Port Antonio Shopping

Port Antonio is not a shopping bazaar like Montego Bay and Ocho Rios. Most activity centers around Musgrave Market, on West Street, in the center of town. This is one of our favorite markets in all of Jamaica. It evokes a movie set on which the director is about to call, "Lights, camera, action!" The most active market day is Saturday. To see the market at its most frenzied, go any day of the week from 8am to noon.

The sprawling Fort George Village Shopping Arcade, which opened in 1997 to immediate denunciations, is not a mirage. To call it an architectural monstrosity would be too kind; this three-floor structure looks like some of the world's major architectural ideas, thrown into a blender -- baroque, English Tudor, French Gothic, with hints of Syria and Iraq thrown in for spice -- and spat out. In theory, at least, the arcade was designed to represent various architectures from around the world.

Regardless of what you think of its design, the arcade is fun for a shopping jaunt, thanks to outlets for jewelry, antiques/junk, CDs, computers, and more. the center of town across from the courthouse, en route to Titchfield Hill.

On Harbour Street, you'll come to the City Centre Plaza, but it's rather dull. As for its crafts, we've seen better. Still, it might come in handy for souvenirs and those things visitors always need: postcards for the ones you left behind, suntan lotion, and that Nora Roberts paperback for the beach.

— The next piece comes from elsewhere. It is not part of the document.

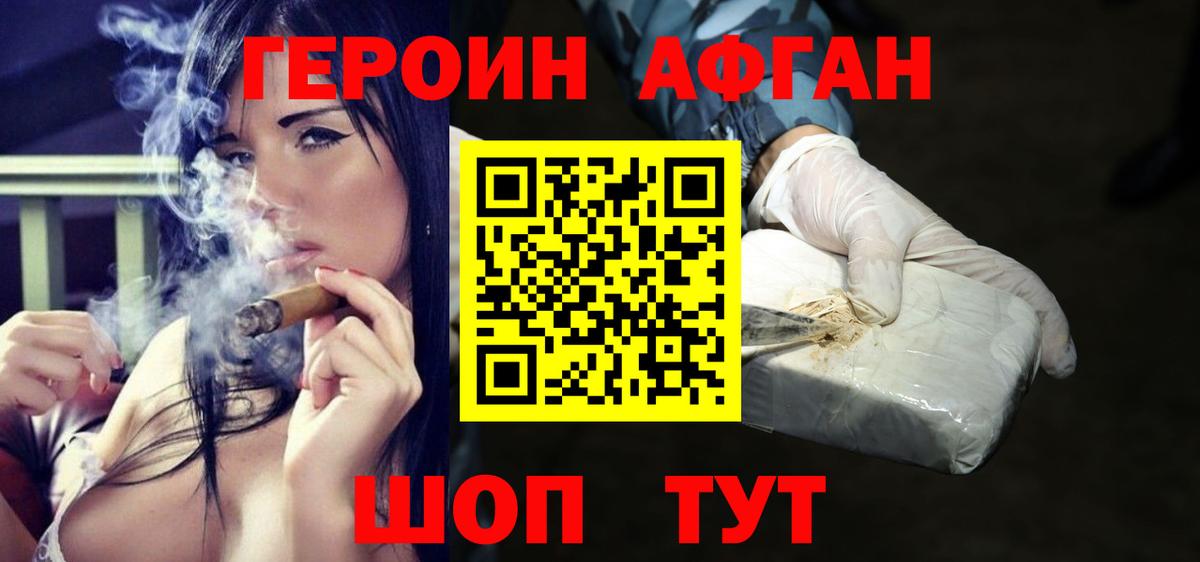 ГЕРОИН хмурый  Вход с VPN  Вязники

At the Gallery Carriacou, on the grounds of Hotel Mocking Bird Hill, on Mocking Bird Hill (tel. 876/993-7267), you can view the sensuous and evocative paintings and sculptures of Barbara Walker, who is one of the partners in the hotel. Her works, and those of other noted Jamaican artists, make up the finest collection of art for sale in the area. Walker also conducts classes, on request, in sculpture and painting.

At the Errol Flynn Marina, you'll find space for up to 32 different shops and boutiques, even though only some of those spaces will be occupied by the time of your visit. The most appealing of the lot is Things Jamaican (tel. 876/715-5347), where gift items, fashion accessories, and housewares -- each made in or pertaining to Jamaica -- are lined up for easy-on-the-eyes shopping.

Port Antonio Nightlife

Go at your own risk to the infamous Roof Club, 11 West St. (tel. 876/715-5281). The most crowded and animated nightclub in Port Antonio, it lies one floor above street level in a boxy-looking industrial building in the heart of town. Inside, the venue is earthy, raunchy, crowded, and boozy, with enough secondhand ganja smoke to get virtually anyone high. Recorded (and more rarely, live) reggae and soca music blares at high volumes.

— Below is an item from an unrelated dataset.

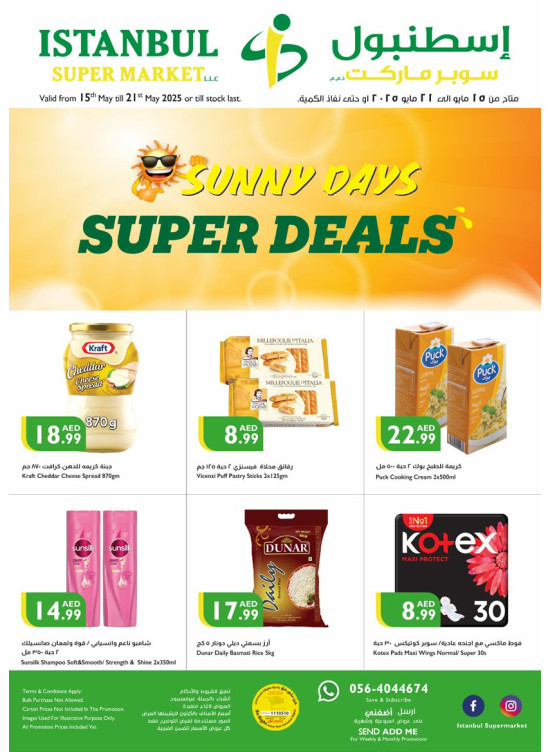 Super Deals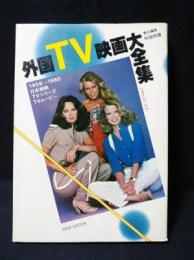 外国TV映画大全集　1956-1980　日本放映TVシリーズ+TVムービー　シネアルバム79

Expect a neo-psychedelic decor of mirrors, UV lighting, and free-form Day-Glo artwork. A visit here is not for the squeamish or the faint-hearted, and it's a good idea to come with a friend and/or ally. It's open nightly from around 6pm, but most of the genuine hanging out and crowding happens after 11pm, especially from Thursday through Sunday.

Less formalized and much more free-form would involve a hike along Port Antonio's eastern waterfront, Folly Road, known locally as the town's "Folly Strip." Here, a battered and mud-splattered row of rum shacks and jerk stands, each painted long ago in once-bright colors, play recorded music and try to show a foreign visitor a good time. A culinary "highlight" of the Folly Strip is Oliver's Vegetarian Restaurant (no phone), whose presentation might be nominally a bit more solid than some of its neighbors. If you opt for a visit to this strip, we recommend that you wrap up your evening by around 10pm.

The Tree Bar, on the grounds of Goblin Hill Villas at San San (tel. 876/925-8108), stands high on a hill commanding a panoramic view of 4 hectares (12 acres). The aptly named bar is wrapped around huge ficus trees, whose mammoth aerial roots dangle over the drinking area. Giant-leafed pothos vines climb down the trunks. It's the sort of eco-adventure place that should prove increasingly popular.